Let’s face it – it’s a tough time to be in the democracy business. America’s democratic institutions and norms are under pressure from hyperpolarization, disruptive technologies, and foreign interference, to name a few things. And we’re not alone: new and established democracies all over the world are facing what Varieties of Democracy has dubbed the “third wave of autocratization”. So when I tell people that I’m the director of evaluation and learning at an organization dedicated to strengthening American democracy, the response I often get is a slightly raised eyebrow and the question “so…how’s that going for you?”

It’s a question intended to prompt a pithy response, I suppose, but I’m increasingly inclined to answer it honestly, and thoroughly. Because the truth is that while assessing impact in any kind of complex social system is hard, it’s particularly difficult when the problems you’re trying to solve are the really big ones and the headwinds you’re facing are especially strong. In these situations, real, meaningful impact is unpredictable, nonlinear, and often something that can only fully understood retrospectively. It’s no wonder that despite robust evaluation and learning practices, many social change organizations still struggle to understand, in real time, whether the work they’re doing is making a difference.

But I’m increasingly convinced that our challenge is not just in measuring the impact that we’re having – it’s in how we think about what impact looks like in the first place. There’s a particular mental model that most people fall into when we talk about impact: we think about what the system will look like as our program progresses over time, compared to what it would look like over the same period without that program. And we default to the expectation that our programs will lead to greater positive increases in desired outcomes compared to the status quo. The rate of change may be incremental, exponential, or something else, but it’s always positive. Unfortunately, this contributes to a widespread assumption in social change work that a program can only be “impactful” if there are measurable increases in expected outcomes.

I’ve spoken a lot with my colleagues at Democracy Fund, as well as at other Omidyar Group organizations, about what impact looks like for the work that we do. I’ve recalled evaluations that I’ve led and reviewed other evaluation literature. And what I’ve realized is that impact can manifest in many different ways. Consider, for example, a conversation that I had recently with one of our program teams about an initiative that they had continued to pursue, despite a lack of measurable outcomes in the last year or so. “We never expected this program to fix the system,” they said. “But it’s a finger in the dam. If we don’t do this work, things will keep going downhill.” That’s a perfectly valid strategy, and stabilizing a system in decline can be, in and of itself, an important impact.
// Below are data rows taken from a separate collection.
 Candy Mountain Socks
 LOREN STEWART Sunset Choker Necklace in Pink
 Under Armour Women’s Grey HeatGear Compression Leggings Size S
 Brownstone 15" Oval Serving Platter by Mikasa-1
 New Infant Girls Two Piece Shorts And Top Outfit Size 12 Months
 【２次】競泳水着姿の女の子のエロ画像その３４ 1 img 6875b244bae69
So, together with other evaluation and learning experts in other Omidyar Group organizations, I’ve been working on a way to communicate the different ways we think our work will achieve impact, whether that’s transforming a system, stabilizing a system, or something else. With their input, I’ve identified six different “models” of impact, each of which reflect a particular type of status quo, and potential trajectory of change.

Six Models of Impact

Chart demonstrating transformative impact

Transformative: This is “impact” the way its most commonly thought of. With transformative impact, we expect a positive change in the system over time compared to the static rate of the counterfactual. The rate of change may be gradual/incremental, exponential, or somewhere in between. For example, we might expect a Get Out the Vote initiative to be transformative, with a positive change on voter turnout over the course of the project.

Chart demonstrating Proactive Impact

Proactive: Some systems may already be moving in a positive direction, but an intervention can help accelerate that change. In this case, the ultimate change in outcomes is the same, but the accelerated pace and steeper rate of change is meaningful. We might facilitate these programs if the impact then allows us to pursue further opportunities that we are otherwise waiting to implement. For example, a public awareness campaign can help shift public attitudes toward a particular issue more quickly than they might otherwise have done.
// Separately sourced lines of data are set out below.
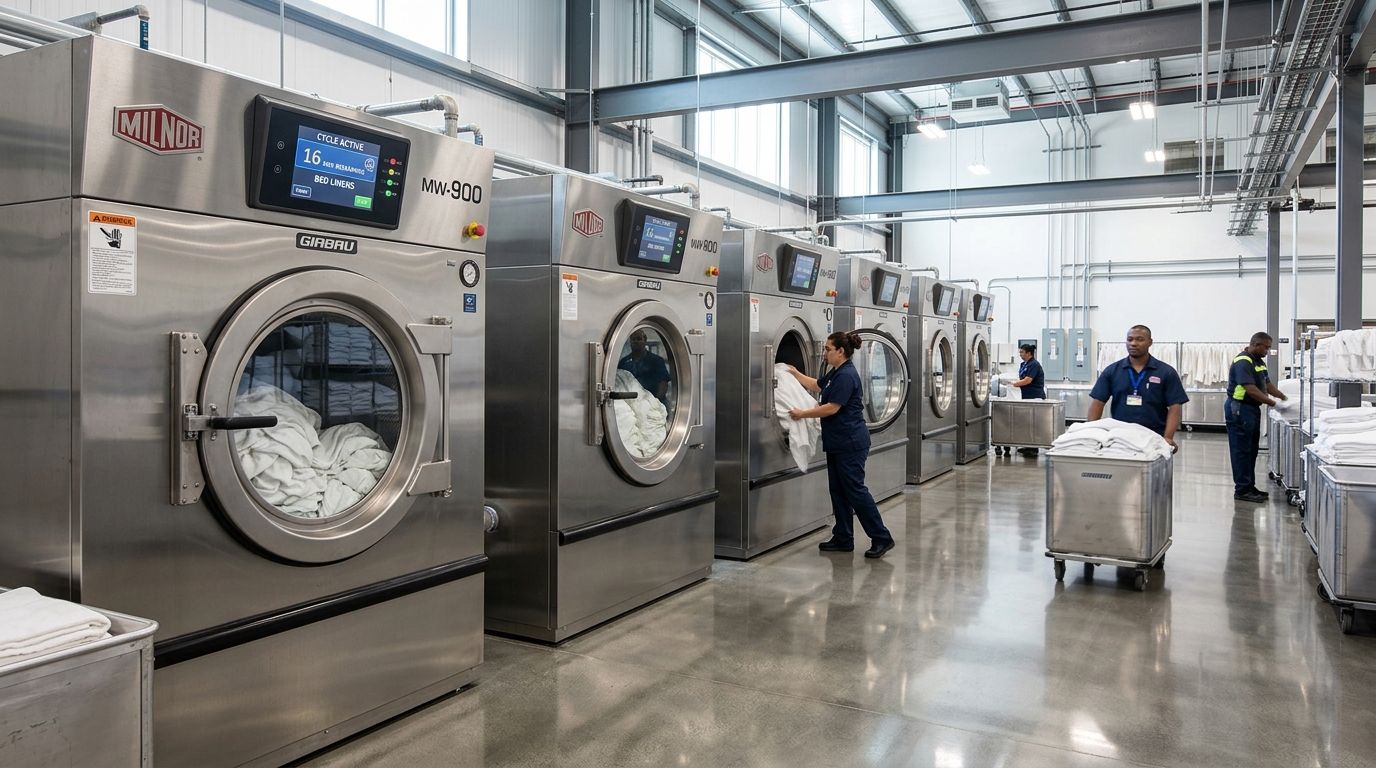 Heavy-Duty Commercial Washer-Extractor Lines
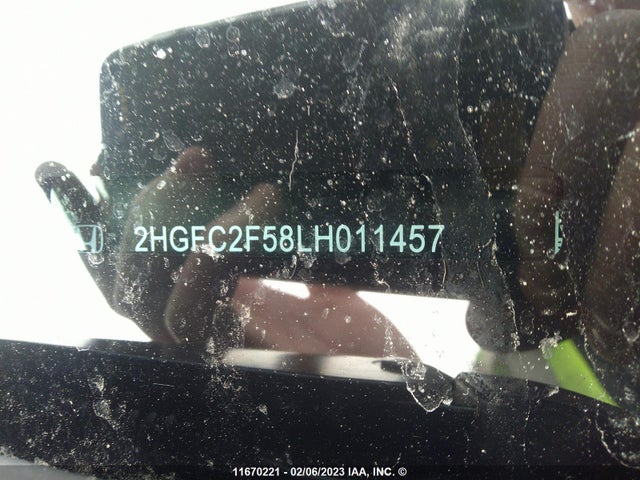 Honda Civic Lx 2020 2HGFC2F58LH011457 Image 10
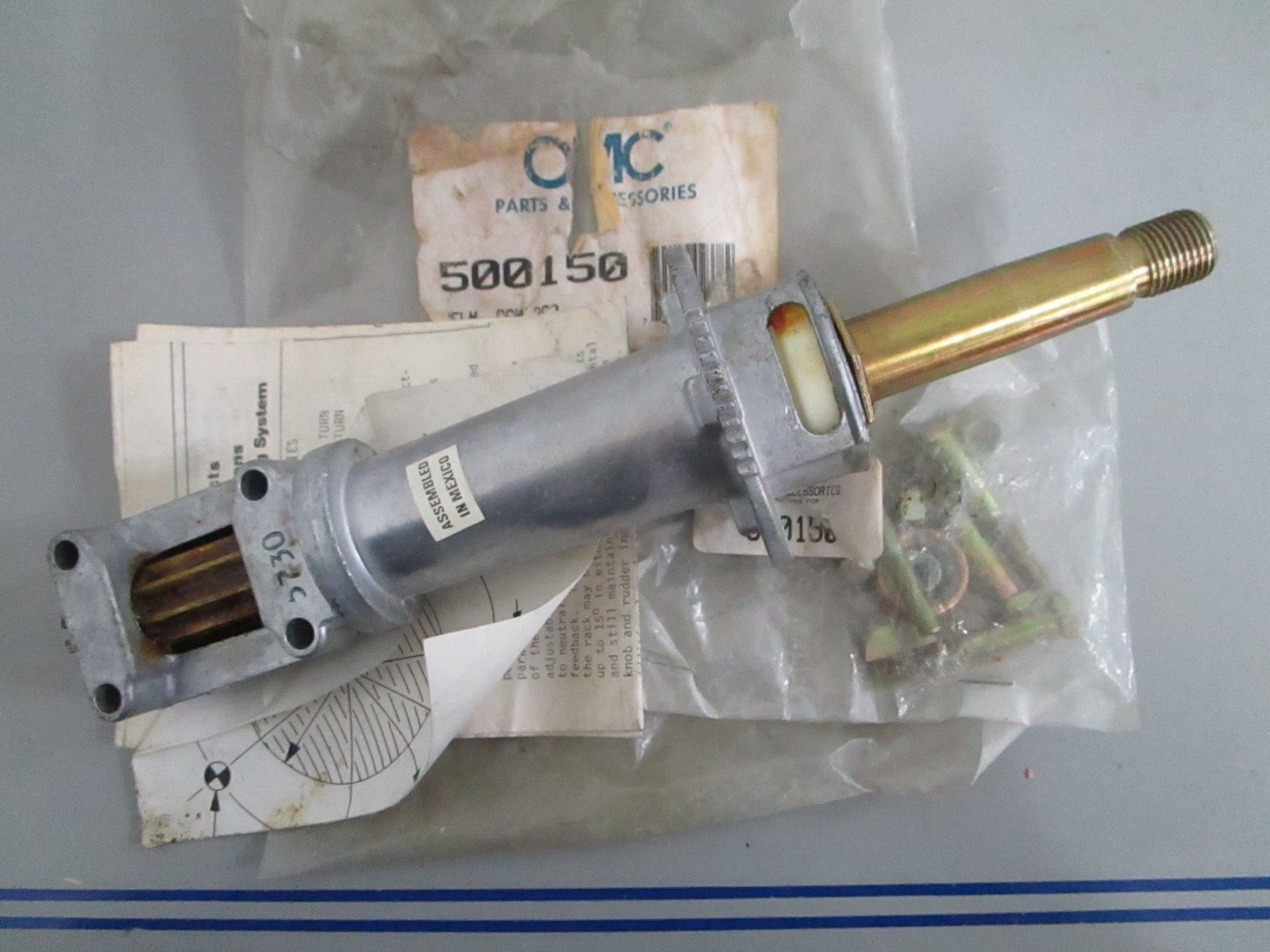 NEW OEM 500150 0500150 OMC Johnson Evinrude Helm 0820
Chart demonstrating opportunistic impact

Opportunistic: In the opportunistic model, the program lays the groundwork for change, but the outcomes will be entirely constrained by the context. There may be little perceivable difference in the treatment vs. control scenarios until there is a change in the context that creates an opportunity or removes an obstacle to change. If and when that happens, we expect to see a jump in the value of the outcome in the treatment scenarios compared to the counterfactual. The rate of change therefore looks like a “stair step,” with long periods of stasis interrupted by sudden increases. Public advocacy campaigns often follow an opportunistic model, where ongoing advocacy work lays the groundwork for a trigger event that creates a groundswell of public interest and an opportunity for reform.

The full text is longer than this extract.